No landlord likes having to come out of pocket to pay costs incurred by a tenant.  While outlining the specific details of the tenant’s financial responsibilities for the unit is essential, it may not be enough to avoid being stuck with your tenant’s bill.  One Georgia landlord learned this lesson the hard (and very expensive) way.

Landlord Shelly Francis was renting a condo to a long-term tenant in Atlanta, Georgia.  After the tenant moved out, Francis attempted to transfer the water services, along with other utilities, into her name and made a shocking discovery.  The water department clerk told her there was a past due balance of over $19,000 for the property.

Ms.

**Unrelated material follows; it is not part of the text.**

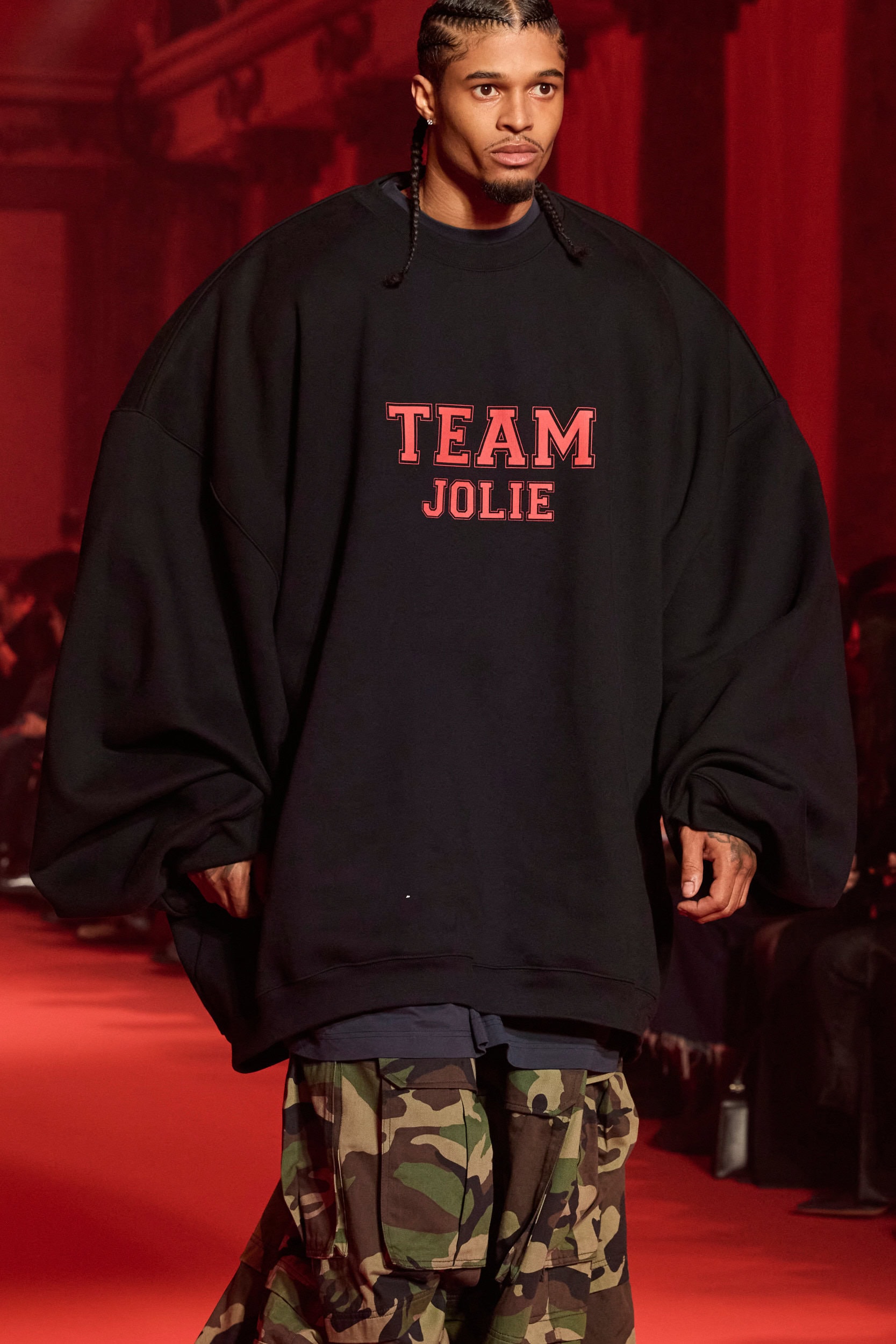 Vetements  Fall 2024 Fashion Show Details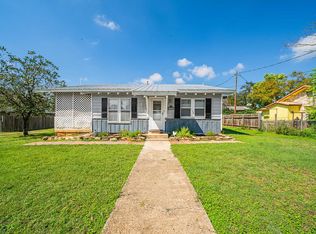 407 Hackberry St, Bandera, TX 78003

Francis explained that the paperwork for the city water department showed that the account was in the tenant’s name and that the lease agreement signed by the tenant detailed that each utility was not included in the rent.  However; it did not seem to make much of a difference to the water department officials.  The landlord was told that if she did not pay the balance of the water bill the city would place a lien against the property.

Because the water department did not begin becoming more aggressive with shutting off overdue accounts until recently, the balance on the property increased as time went on, resulting in the shockingly high balance.

It is worth remembering that utility companies and municipalities have a far easier time collecting from landlords than tenants, because they can always file a lien against the rental property, but often cannot chase down mobile and difficult-to-find tenants.